D'autre part, l'entreprise devra établir une charte interne d'utilisation qu'elle fera signer par ses employés. En effet, sur la toile, l'identité personnelle est de plus en plus confondue avec celle professionnelle (j'affiche le nom de mon employeur dans mon profil et le contenu que je publie est associé également à celui-ci). Dès lors, il convient de réglementer l'utilisation des réseaux sociaux tant interne (comme l'usage du téléphone ou de l'internet) qu'à l'externe, lorsque les salariés de l'entreprise interviennent sur les réseaux en rentrant chez eux le soir. Il faut notamment les responsabiliser et les informer des risques liés aux réseaux sociaux, et ce, déjà à titre personnel. En France, une entreprise a été condamnée, en août 2011, en raison de la publication par son PDG via son compte Twitter personnel de propos dénigrant un concurrent.
Conclusion
On retiendra que les réseaux sociaux sont désormais un média incontournable pour l'entreprise, mais qu'elle évitera de s'y lancer tête baissée. Elle mettra au contraire sur pied une stratégie au préalable, après avoir procédé à un état des lieux pour évaluer la perception qu'ont les consommateurs de ses produits ou de ses services. Elle informera ses employés de la manière dont ceux-ci peuvent parler de leur entreprise sur les réseaux sociaux et n'hésitera pas à réglementer l'utilisation de son nom ou la référence à ses produits dans les contrats passés avec ses partenaires. Tous les départements de l'entreprise sont concernés par sa présence sur les réseaux sociaux et le plan de communication en tiendra compte également. Enfin, l'entreprise mettra en place un système de veille lui permettant de réagir à tout abus qui remonterait selon des politiques précises qu'elle aura préalablement fixées et qu'elle n'hésitera pas à réévaluer à intervalles réguliers.

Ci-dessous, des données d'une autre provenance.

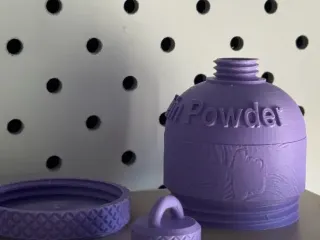 Protein powder containers and funnel
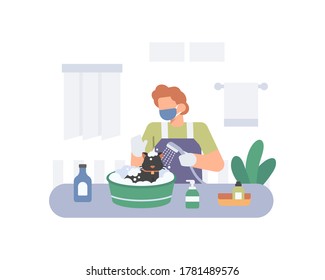 A man bathe and cleaning his cat with water and soap to kill coronavirus vector illustration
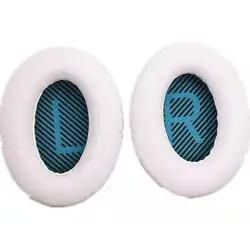 Premium Replacement Earpads Cushion for Over-Ear Headphones - High-Quality Protein Leather (White Blue mat LR)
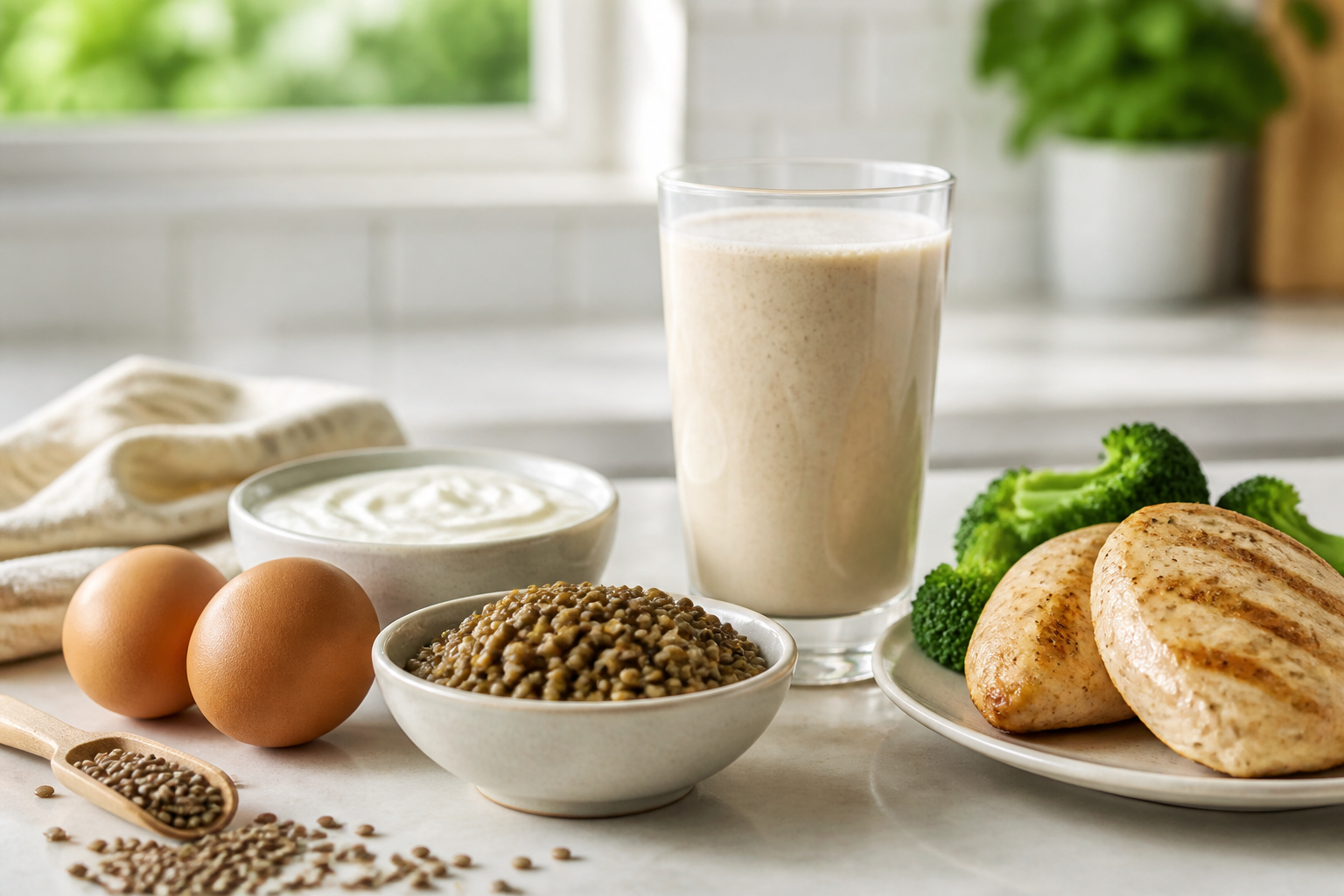 Create a clean, photorealistic editorial image of a protein shake in a clear glass beside whole-food protein sources like eggs, Greek yogurt, lentils,...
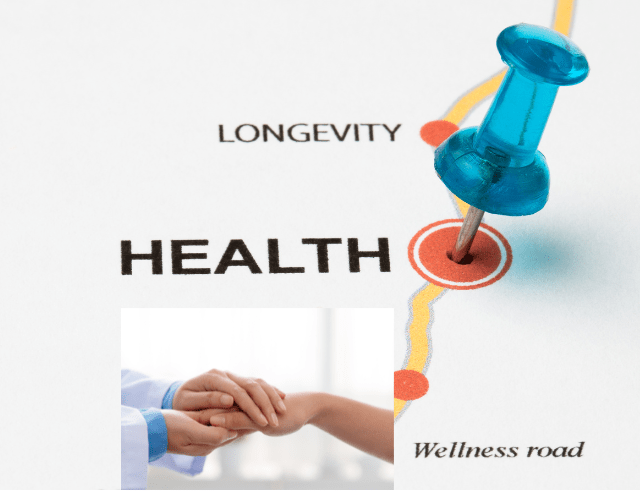 doctor holding patients hand on wellness road to health and longevity.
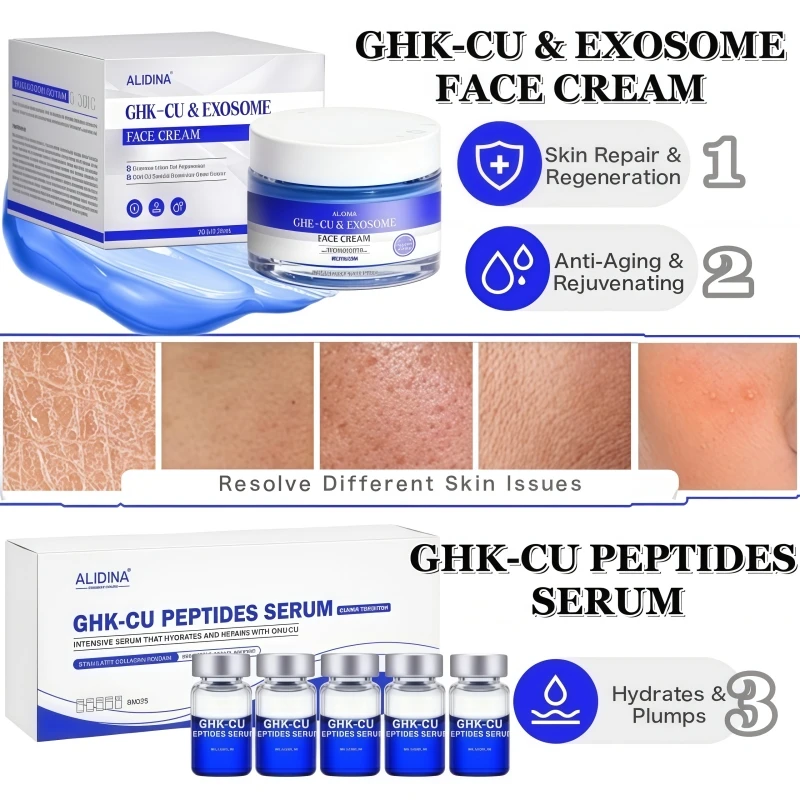 T Private Logo Ghk-cu Peptides Anti Aging Cream Ghk-cu Copper Peptides Regenerative Serum For Skin Repair Firming Moisturizing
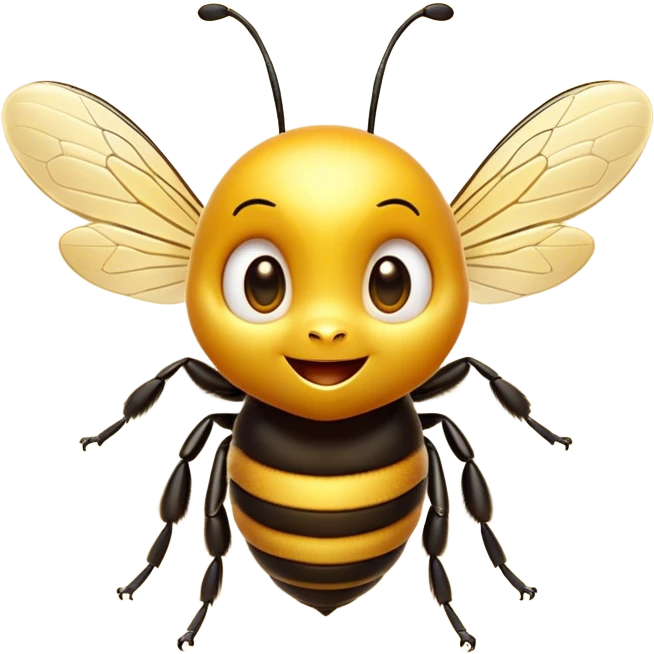 Cinematic Cheeky Bee Portrait Emoji, Head tilted dramatically with an exaggeratedly shocked expression, featuring a small, fuzzy body with wide, comically expressive eyes full of playful disbelief and animated, fluttering wings, Simplified yet hilariously expressive features, highly detailed, glowing with a slightly sassy golden glow, high shine, dramatic yet playful, stylized with an air of cheeky honey mischief, soft glowing outline, capturing the essence of a meme-worthy bee that looks ready to buzz its way into viral fame! emoji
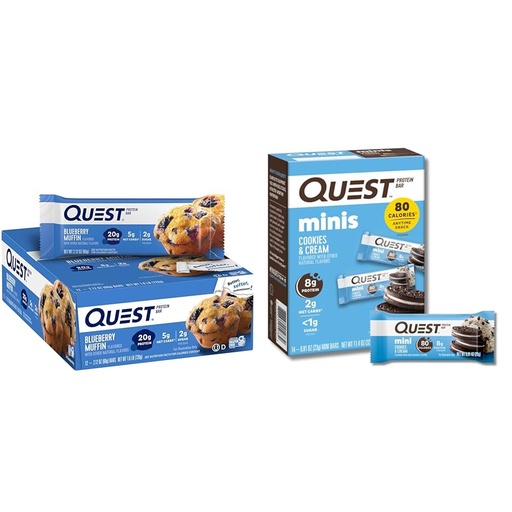 [BRSRAY33CEMWOYI6] Quest Blueberry Muffin Protein Bars, 12 Count and Mini Cookies & Cream Protein Bars, 14 Count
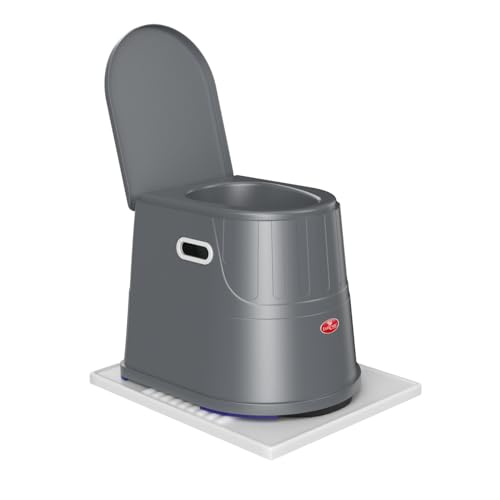 Image of EASYCARE Heavy Duty Portable Indian to Western Toilet Converter | Commode Stool for Patients, Adults, Elderly, Kids, Handicap | Portable Toilet Seat | Toilet Chair I Capacity Upto 110 Kgs (Grey)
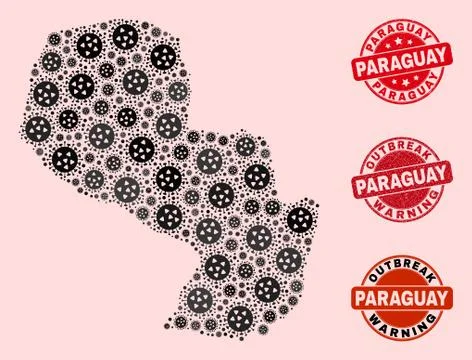 Virus Composition of Mosaic Paraguay Map and Grunge Seal Stamps イラスト素材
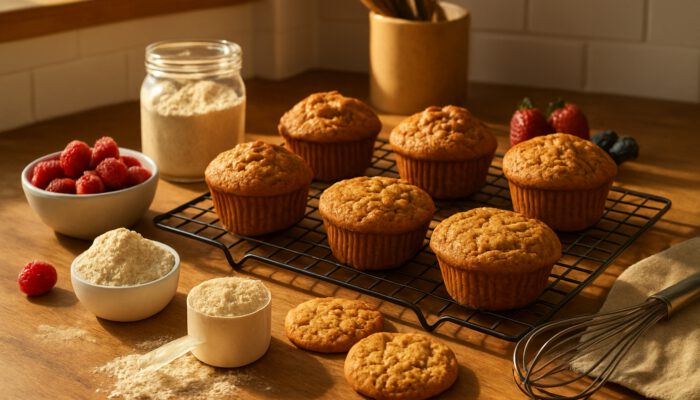 Golden protein muffins and cookies cooling on rack with vanilla powder and berries in sunny kitchen.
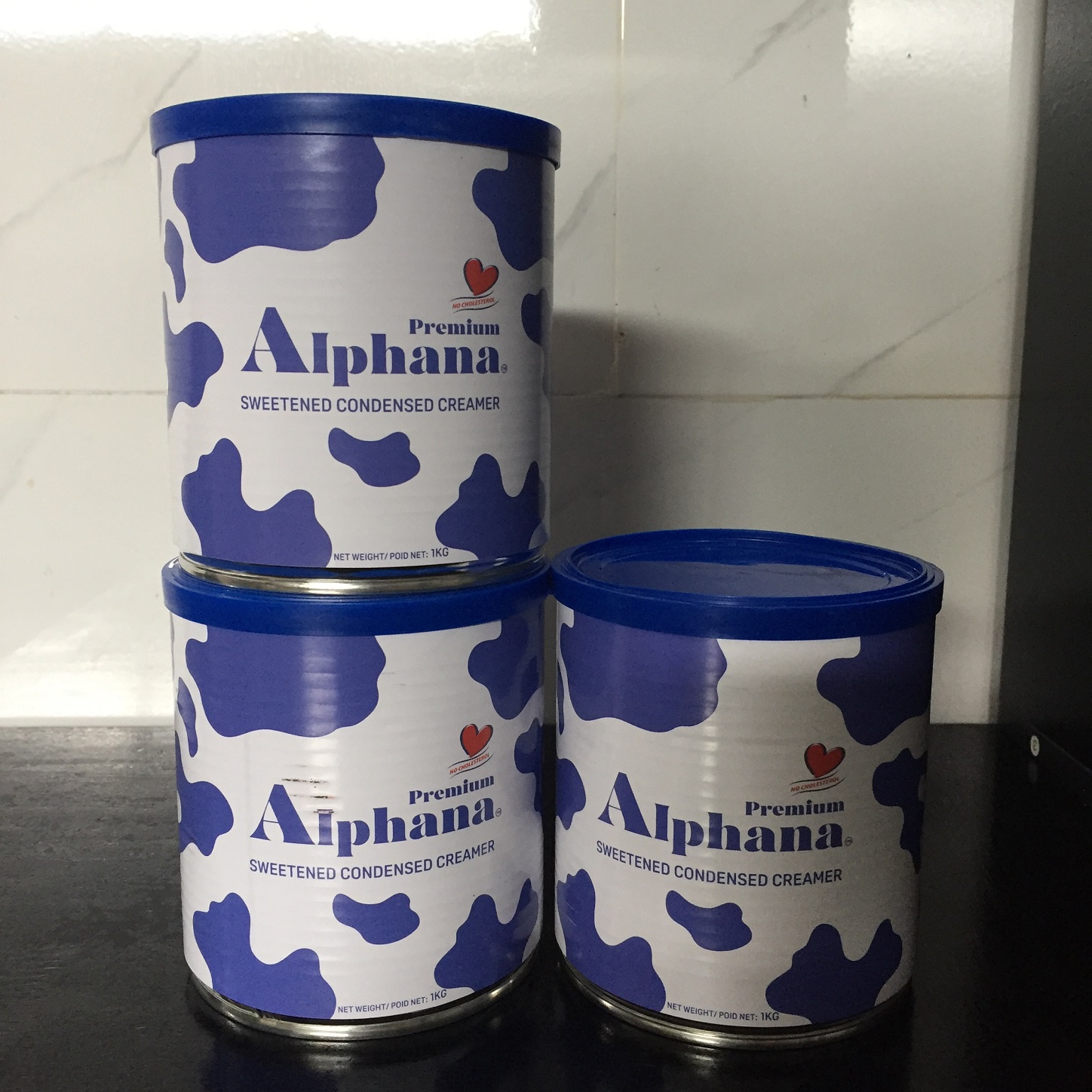 Combo 4 Lon Sữa Đặc Có Đường Creamer Premium Alphana Malaysia Lon 1kg - Protein cao - Không Cholesterol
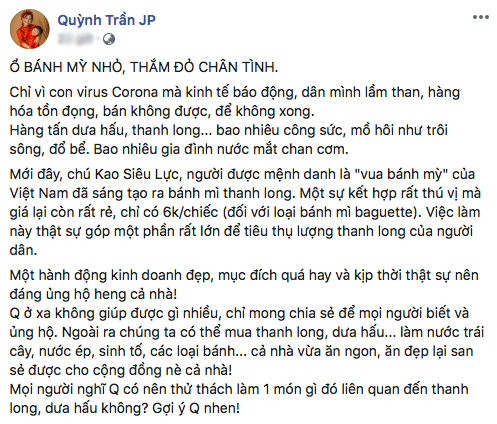 Dân tình ủng hộ bánh mì thanh long hết mực để giải cứu nông sản Việt trong mùa dịch virus Corona, Quỳnh Trần JP còn hưởng ứng bằng một hành động rất ý nghĩa - Ảnh 4.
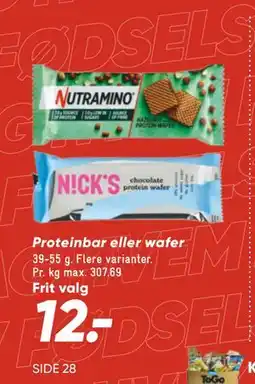 Bilka Proteinbar eller wafer, DKK 12 tilbud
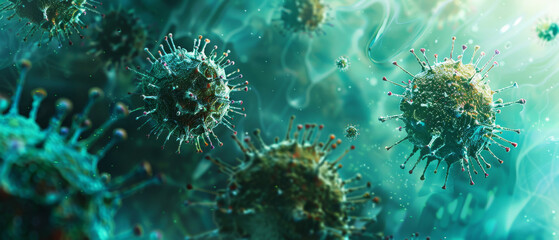 Depicting the ominous presence of a spiked virus, juxtaposed with the imperative concept of vaccination and health.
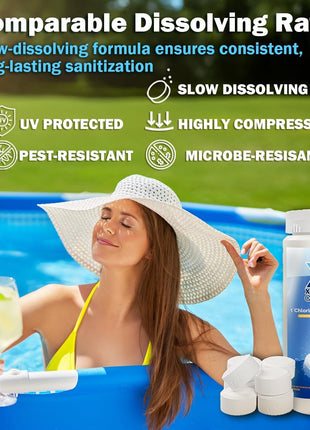 XtremeClear 1 inch Chlorine Tabs Swimming Pool Hot Tub & Spa Eliminate Bacteria & Algae Sanitizer Makes Water Clean & Crystal Clear Slow Dissolving 1.5lbs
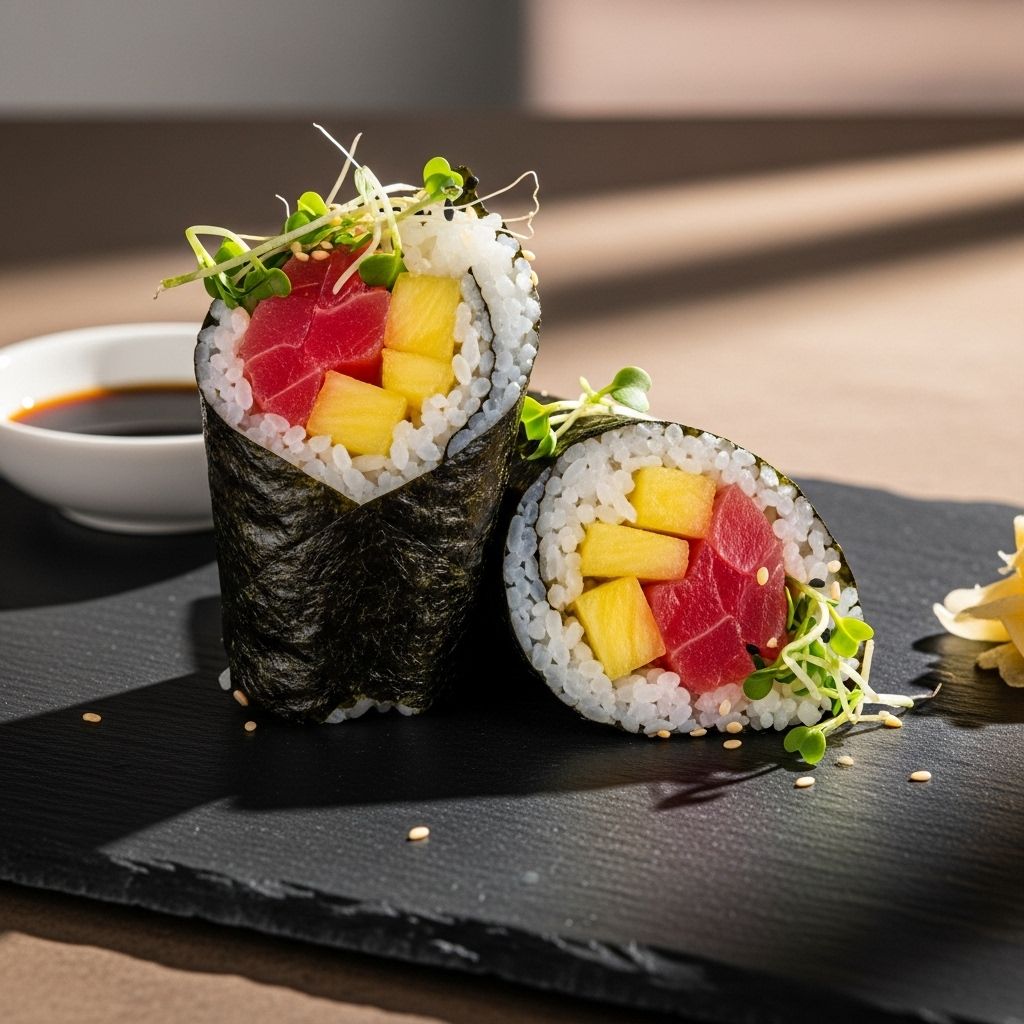 A colorful, protein-packed hand roll recipe with tuna, pineapple, and avocado—the perfect fusion of flavor, nutrition, and ease.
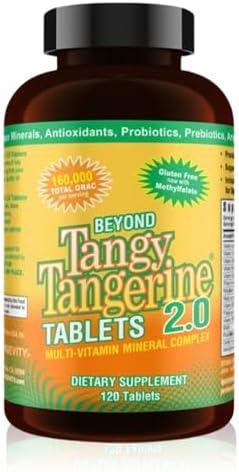 Youngevity Beyond Tangy Tangerine 2.0 Multivitamin Mineral Tablets, 2-Pack | 240 tablets, 60 servings, prebiotics, probiotics, amino acids, enzymes, sugar-free, gluten-free, 160,000 ORAC, travel-ready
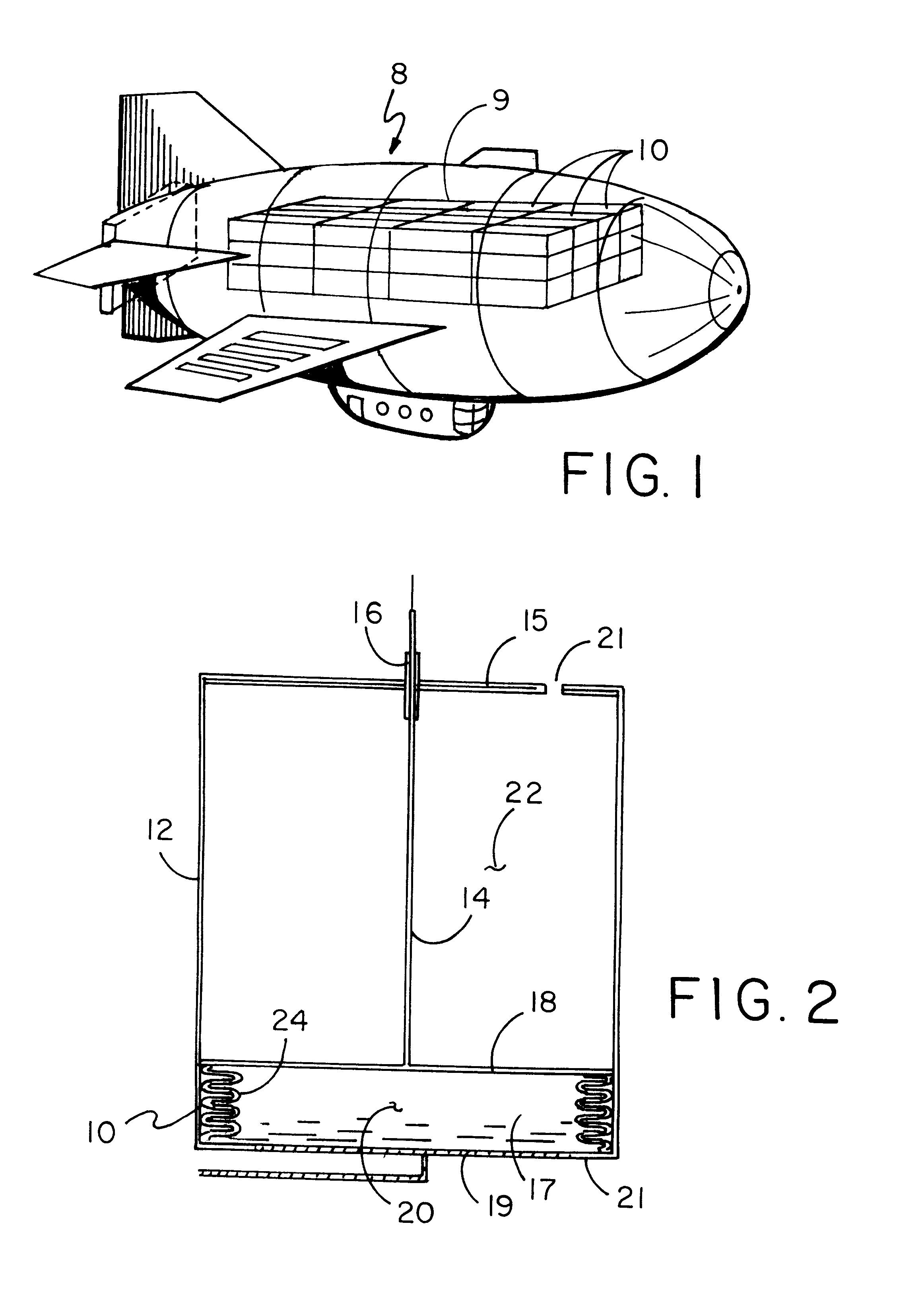 Apparatus and method utilizing cells to provide lift in lighter-than-air airships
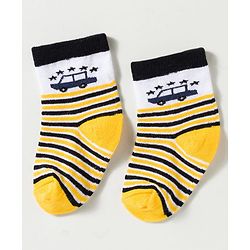 Cute Walk by Babyhug Non Terry Knit Ankle Length Anti Bacterial Striped & Car Designed Socks Pack of 3 - Multicolor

1 Social Media Studie Schweiz: Von Web 2.0 zum Online Dialog, Berner _PR, mars 2011 (www.bernet.ch/socialmediastudie).
2 http://www.legifrance.gouv.fr/affich Texte.do?cidTexte=JORFTEXT000023707312&dateTexte=&categorie Lien=id.
3 www.google.com/adplanner/static/top1000/.
4 Netvibes, Google Alertes, Google Blog Search, etc.
5 «Une marque, ce n'est pas ce que vous en dites, mais ce qu'ils en disent», http://www.liquidagency.com/agency/management/ mneumeier.php
6 http://www.facebook.com/page_gui delines.php
7 http://www.dropbox.com/
8 http://www.youtube.com/watch?v=hgcHTHGu5tA: dénonciation par Greenpeance de l'utilisation par Nestlé de l'huile de palme notamment dans les barres KitKat, contribuant ainsi à la déforestation et à la disparition des gorilles.